Working data |
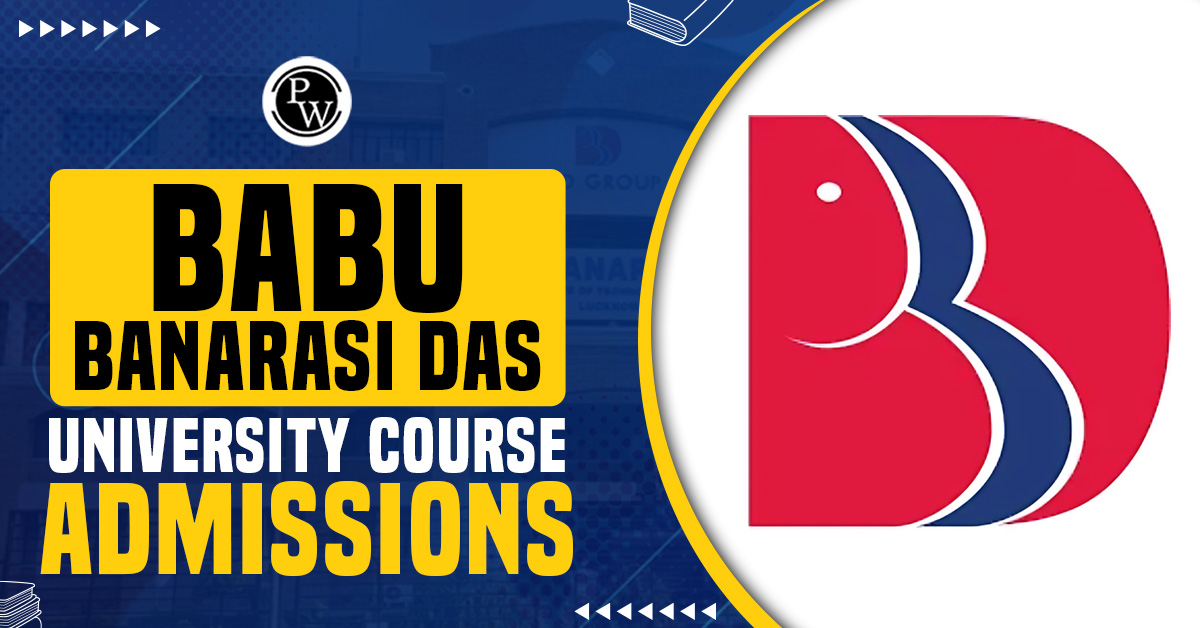 Babu Banarasi Das University Admission 2024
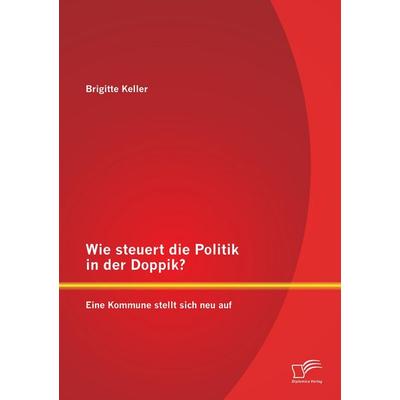 Wie steuert die Politik in der Doppik? Eine Kommune stellt sich neu auf, Taschenbuch von Brigitte Keller, Diplomica Verlag GmbH, 978-3-95850-714-2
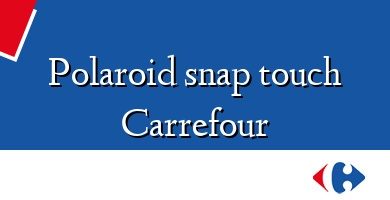 Comprar  &#160Polaroid snap touch Carrefour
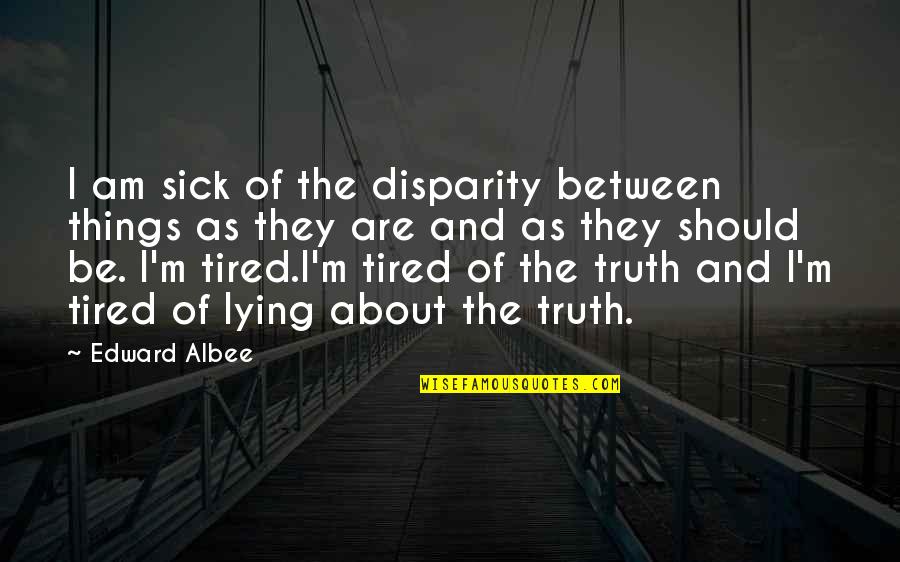 Sick Of Lying Quotes By Edward Albee: I am sick of the disparity between things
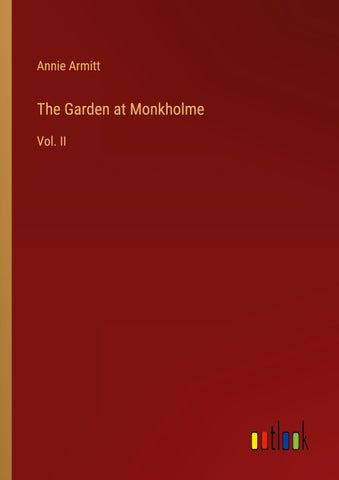 The Garden at Monkholme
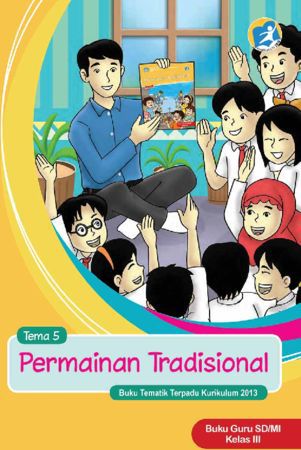 Buku Guru Tematik 5 Permainan Tradisional Kelas 3 Revisi 2015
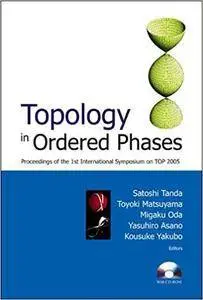 Topology In Ordered Phases (With Cd-rom) - Proceedings Of The 1st International Symposium On Top2005 [Repost]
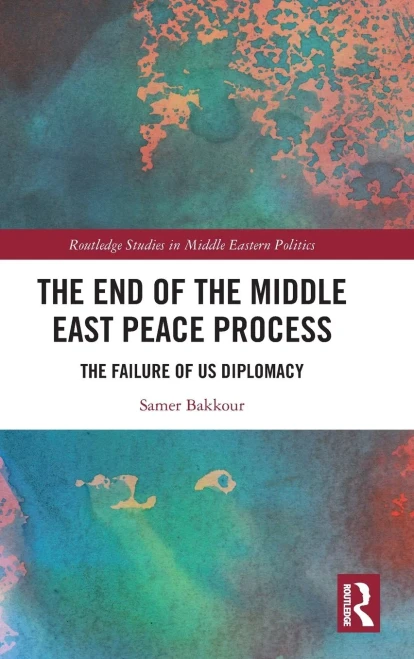 The End Of The Middle East Peace Process: The Failure Of Us Diplomacy (Routledge Studies In Middle Eastern Politics)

Exercise directions | The required output is the exact lines from the opening line of the entries through the line with "Topology In Ordered", inclusive, without pictures.

Written response |
 Babu Banarasi Das University Admission 2024
 Wie steuert die Politik in der Doppik? Eine Kommune stellt sich neu auf, Taschenbuch von Brigitte Keller, Diplomica Verlag GmbH, 978-3-95850-714-2
 Comprar  &#160Polaroid snap touch Carrefour
 Sick Of Lying Quotes By Edward Albee: I am sick of the disparity between things
 The Garden at Monkholme
 Buku Guru Tematik 5 Permainan Tradisional Kelas 3 Revisi 2015
 Topology In Ordered Phases (With Cd-rom) - Proceedings Of The 1st International Symposium On Top2005 [Repost]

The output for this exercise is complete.